[[ DATASET CONTENT, beginning ]]
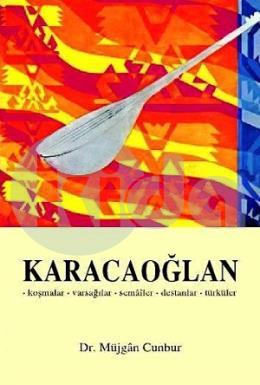 Karacaoğlan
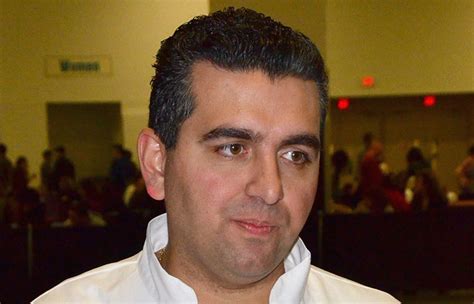 Cake Boss Buddy Valastro Arrested For Drunk Driving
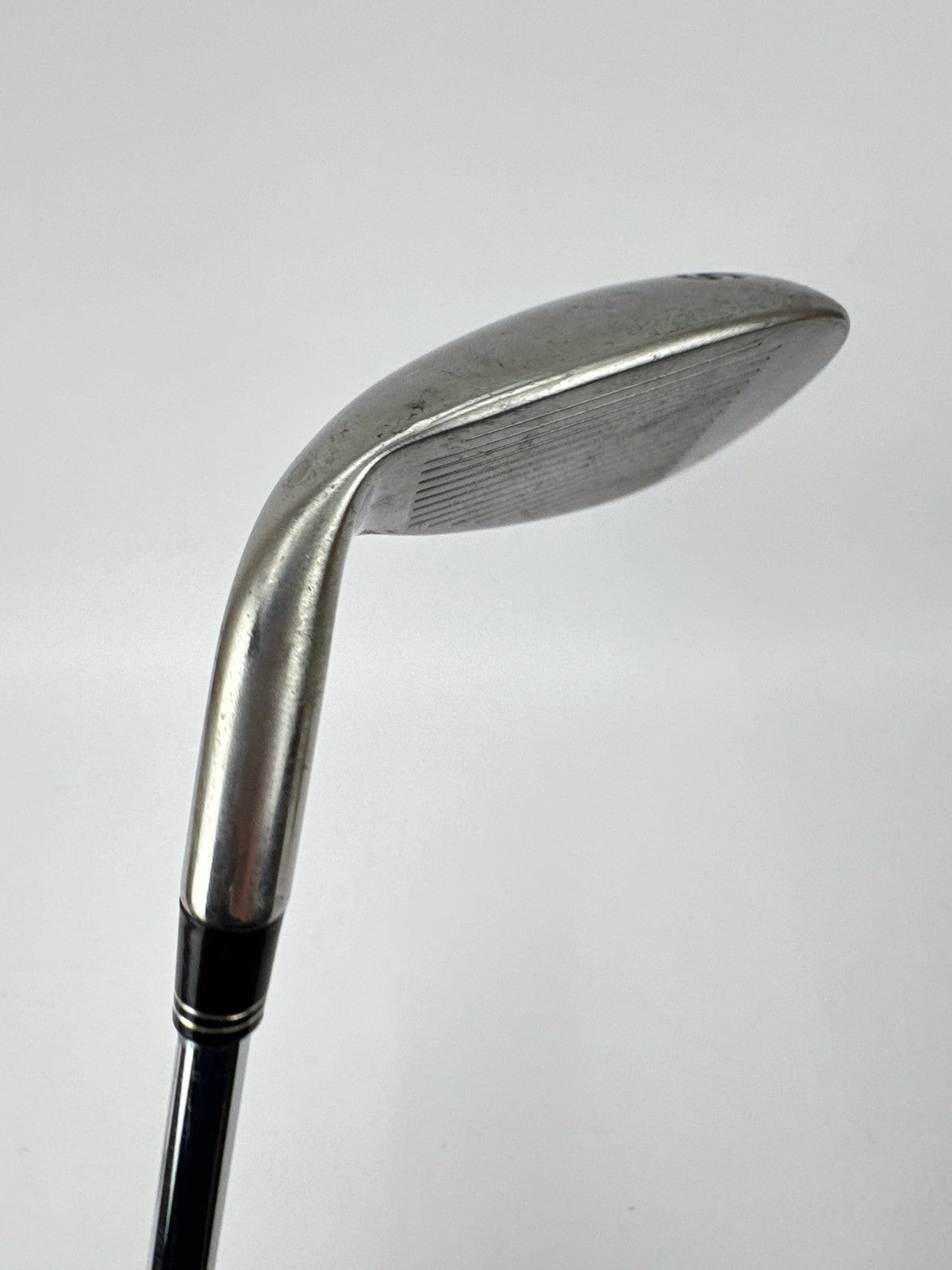 Taylormade R7 Sand Wedge Regular Flex Steel Right Handed New Grip Fitted/367416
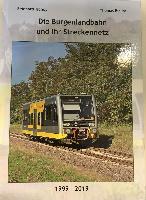 Artikelnummer: 002Burgenlandbahn...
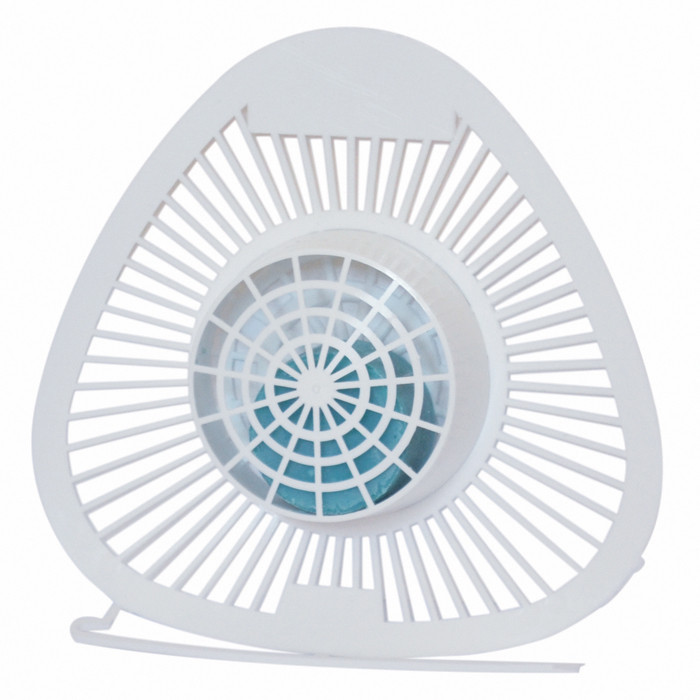 GRILLE URINOIR ULTRA BIO 40G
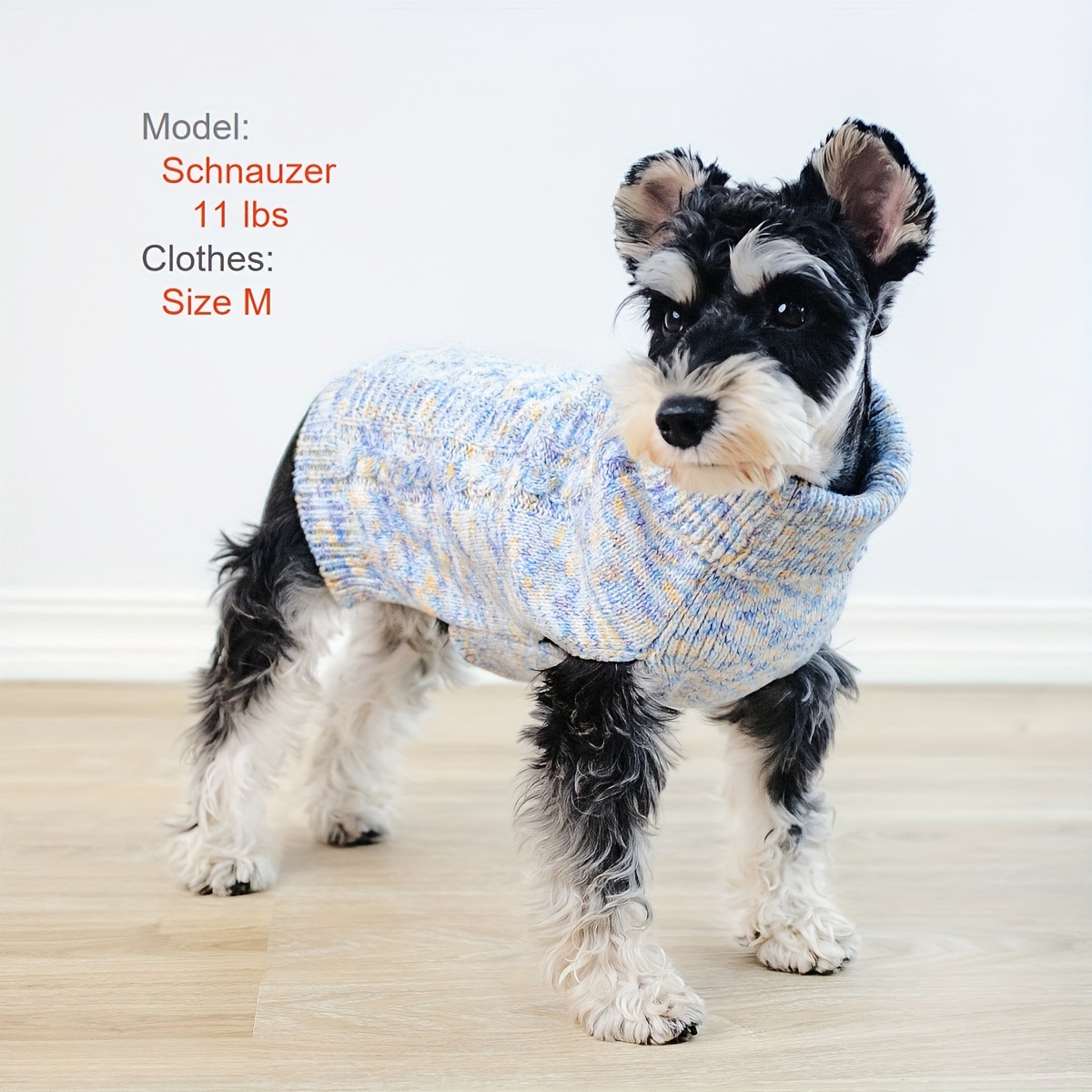 Brand Fashion Dog Sweater, Dog Sweater Knitwear, Pet Dog Dog Clothes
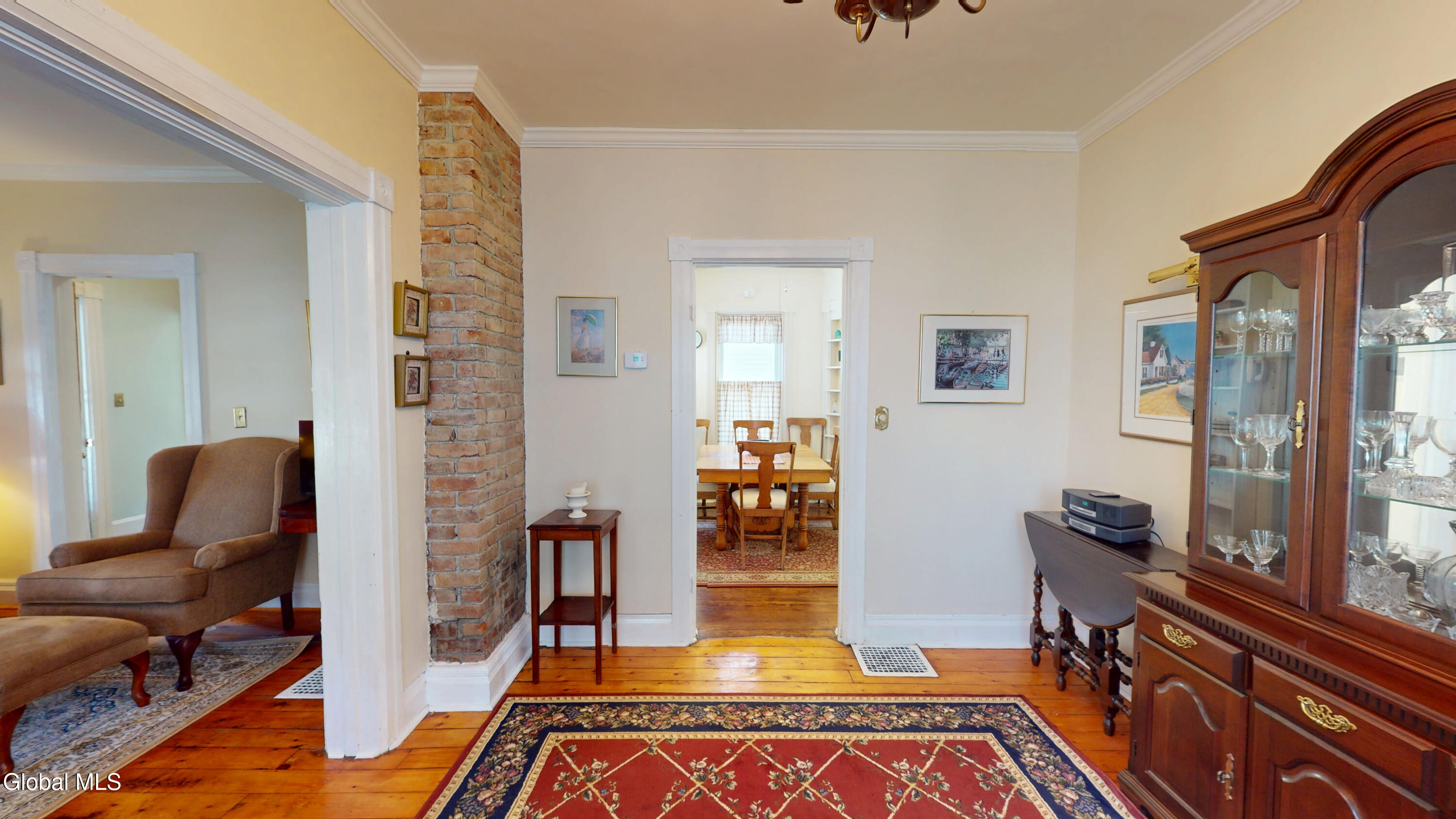 15 Freleigh Place Coxsackie NY 12051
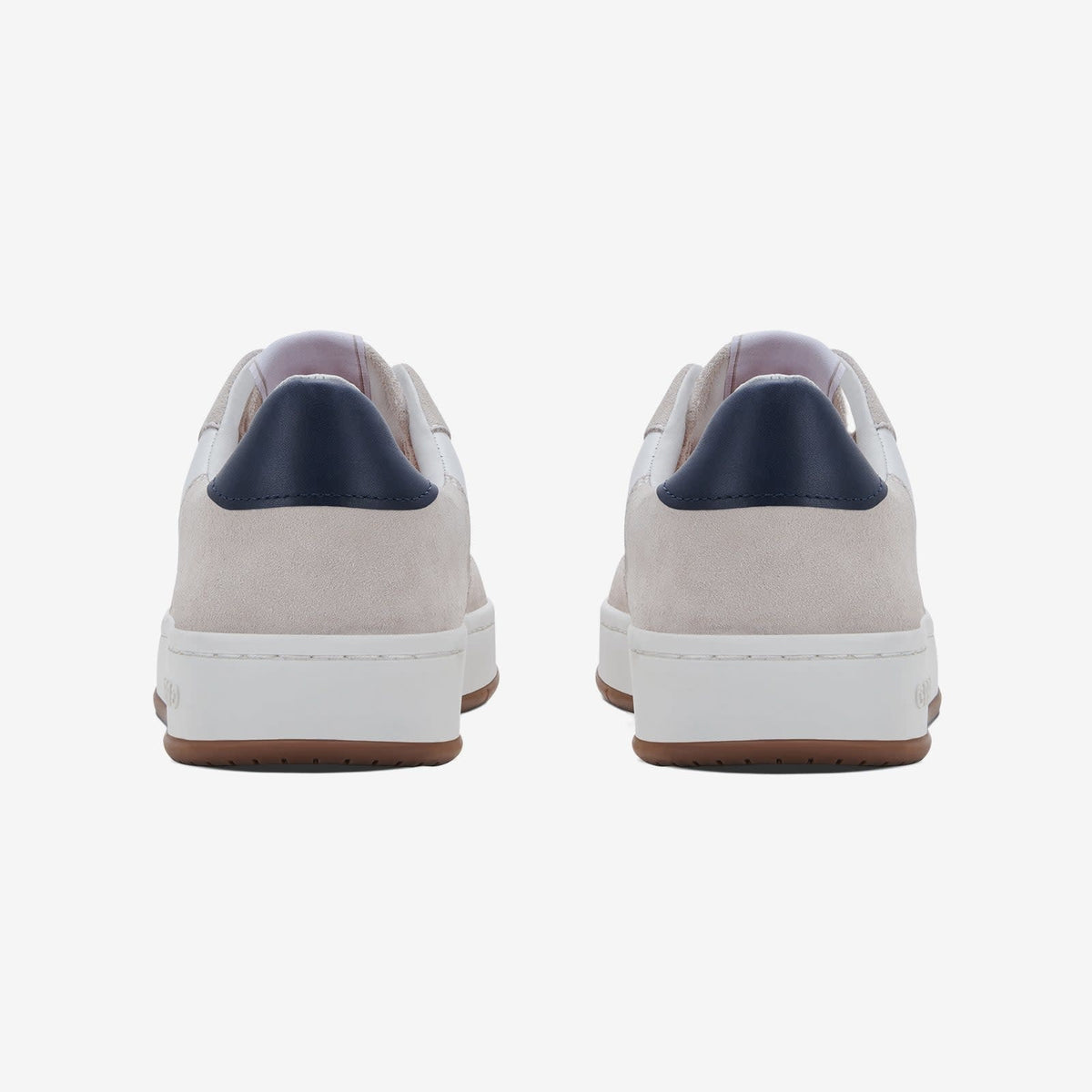 Greats Unisex Union Leather Sneakers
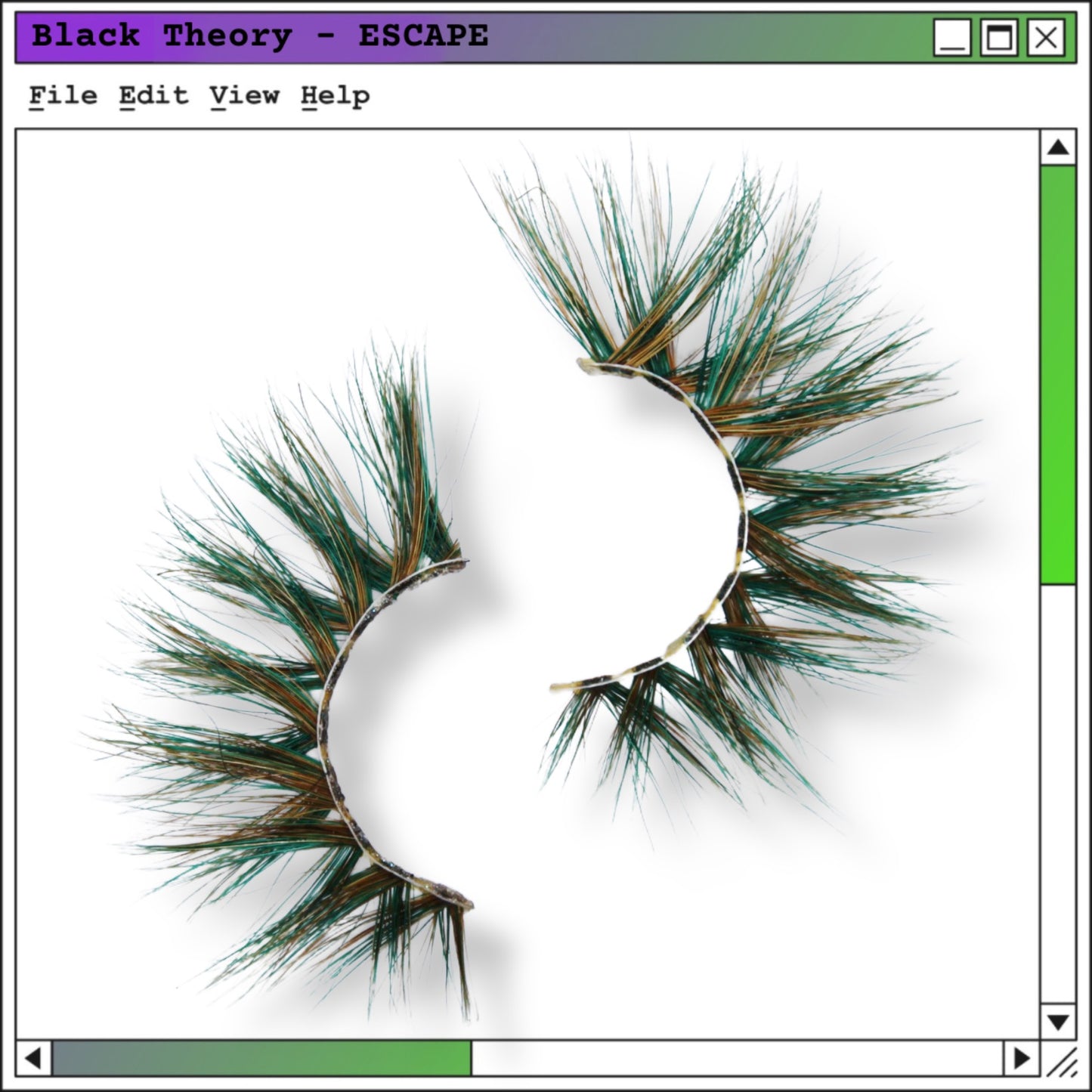 ESCAPE Lashes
[[ DATASET CONTENT, end ]]
● **YOUR OBJECTIVE**
Output an exact copy of the lines from the one with "Artikelnummer: 002Burgenlandbahn..." through the closing line of the records, inclusive, without any images.

● **REPLY TO THE EXERCISE**
 Artikelnummer: 002Burgenlandbahn...
 GRILLE URINOIR ULTRA BIO 40G
 Brand Fashion Dog Sweater, Dog Sweater Knitwear, Pet Dog Dog Clothes
 15 Freleigh Place Coxsackie NY 12051
 Greats Unisex Union Leather Sneakers
 ESCAPE Lashes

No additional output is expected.